Окно заиндевело. Я соскребаю, прижимаюсь лбом. Темно. Только одно горит, но почему-то красным светом. Оно зашторено, и жуткий этот свет пробивается по краям.
- Не знаю, о чем ты с ней ворковал, но муж ее мне предложил работу.
- Неужели?
- Домработницей.
- Кем?
- Ну, бонной... К русским.
- Ты - домработницей?
- Почему нет? Соцобеспечение хотя бы будет. А то даже к врачу ребенка не сводить.
- С твоим дипломом, с языками? Неужели, - говорю я, - неужели твой отец покорил эту пирамиду, чтобы ты... Неужели все это напрасно? Полмира убитых и эта пирамида...
- Какая пирамида? Что за бред?
- Хеопса!
Одним ударом я выбиваю стекло. После паузы осколки разбиваются внизу, в крысином пятачке двора. Она меня втаскивает обратно, и вовремя: сверху, вырвав замазку, лезвием гильотины выпадает часть стекла и разлетается по кухне.

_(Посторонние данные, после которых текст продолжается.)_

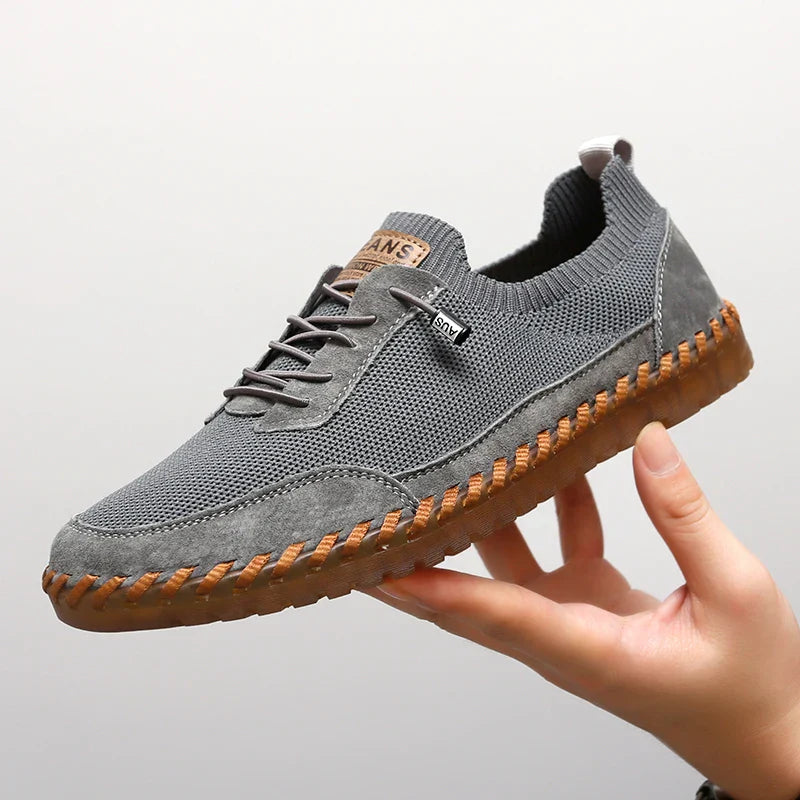 Męskie Sneakersy Mesh ze Sznurowaniem, Wkładką EVA i Gumową Podeszwą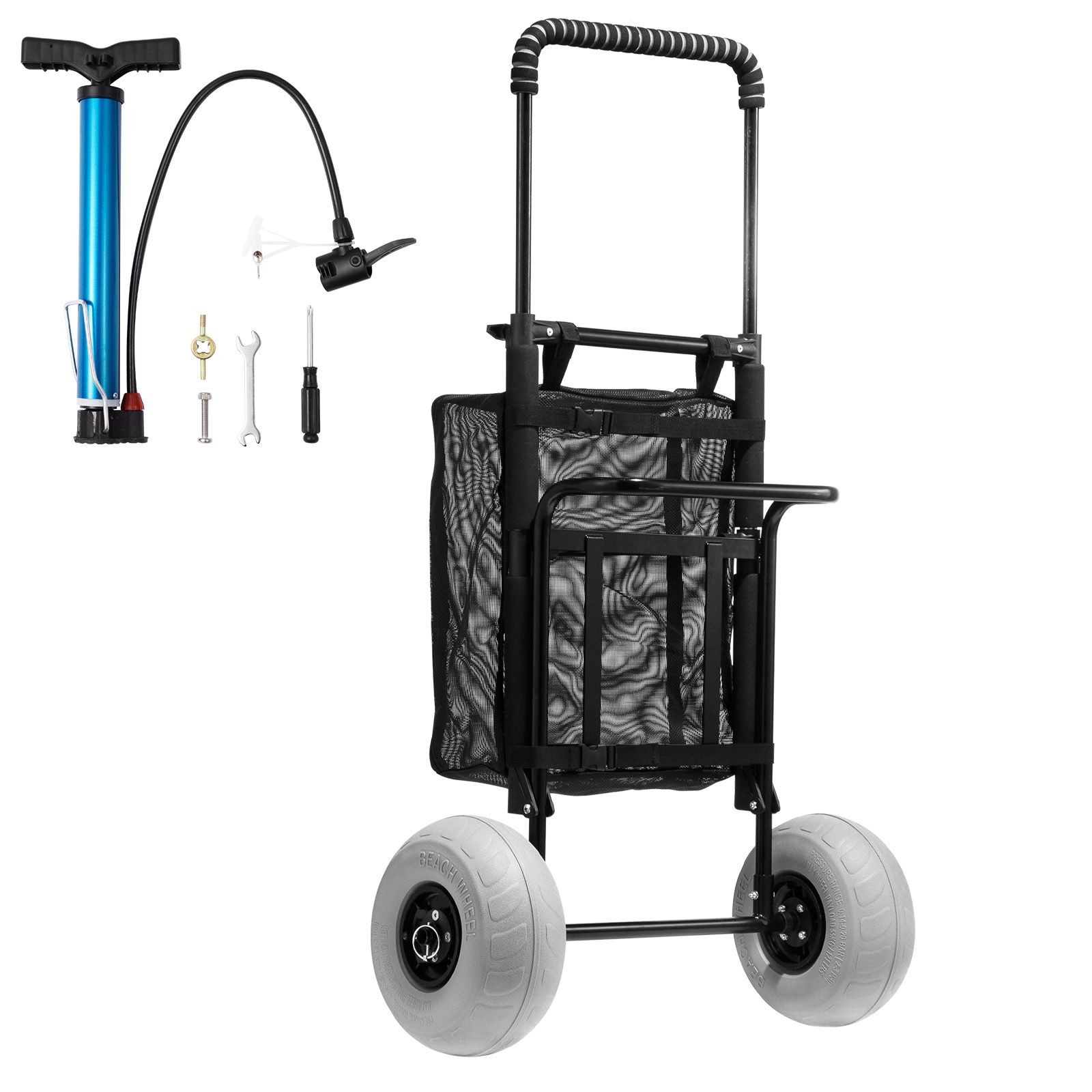 Adjustable Beach Cart 165lb Balloon Wheels Foldable gallery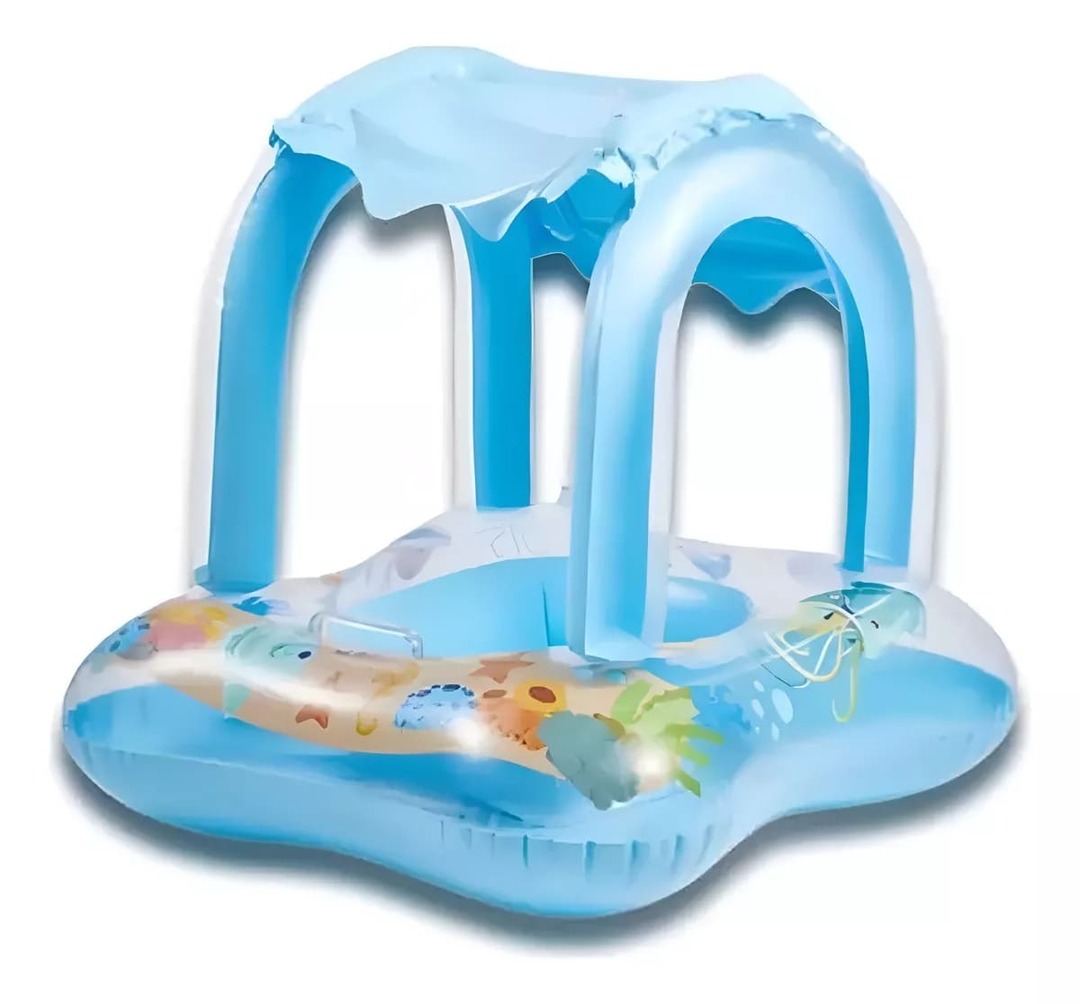 Flotador Baby Boat Salvavidas Bote Inflable Con Techo 80cm Azul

Я зажимаю себе запястье. Руку я держу подальше, чтобы не запачкаться в своей крови.
Кап-кап - пятнает она плитки. Моя кровь.
- Чем же ты писать теперь будешь?
- Ногой.
В издательстве на рю Жакоб беглый советский писатель выкладывает на стол свою советскую книжку и убирает перевязанную руку.
- Рассказы? Во Франции нет спроса, это в Америке...
- Что же, мне в Америку бежать?
- Роман у вас есть? Чего нет, того нет.
- Вот если бы роман...
Ступени деревянной лестницы круты по-дантовски и взвизгивают.
Из-за стекол кафе "Флор" парижские интеллектуалы, щурясь на солнце, созерцают толчею, а заодно и нас, садящихся на скамью посреди площади Сен-Жермен-де-Пре. Одеты мы на грани приличия, да и бинт мой на руке не первой свежести. Я затягиваюсь до дрожи пальцев на губах, ощущая, как вздувается желвак под ее взглядом.
- Страна романа. Я предупреждала...
Я отстреливаю окурок.
- Пошли.
Дома я ввинчиваю лист в машинку. С этой портативки с русским шрифтом началась моя свобода. Над забитым входом в дом напротив проступает замалеванная надпись. Январское солнце уходит с улицы, но верхний этаж еще освещен. Его окна заложены кирпичной кладкой. Выстрела оттуда можно не ждать.
- Хочешь кофе?
Зная, что в доме этого нет:
- Водки! - говорю я, - ма шери. Стакан - и мы с тобой вернемся на круги своя. Но только чтоб граненый и до краев.
Амур, амор...
Иль не возьмем "страну романа"? После всего, что мы перенесли? После всего, что потеряли? Нет, верю, что в крысином тупике хранят нас тени Федора Михайловича и Мигуэля де. Нет, нет. Не все еще потеряно.
Прикурив последнюю, я наклоняюсь подсунуть под хромую ножку спрессованную пачку из-под "голуазов" - чтобы со всем комфортом расправить крылья своего "колибри".
ВМЕСТО ЭПИЛОГА:
ГЛАВА ПЕРВАЯ
Они выходили, чтобы ехать на митинг в Трокадеро, когда зазвонил телефон. "Нас уже нет во Франции", - сказал отец, но Инеc бросилась обратно.
"Алло, Париж? Москву вызывали?"
И потом он - Александр:
- Шери, шери?
Он сказал, что получил еще одно приглашение, на этот раз от ее тети из Андалузии - столько гербовых марок и новых королевских печатей на сургуче, что хоть на стену вешай. ОВИР же немотствует - молчит. Что в общем нельзя считать плохой новостью, поскольку отказа тоже нет. Что он по-прежнему такой же нежный. Что любит, помнит, целует повсюду...
"Прекратите непристойности, а то разъединю".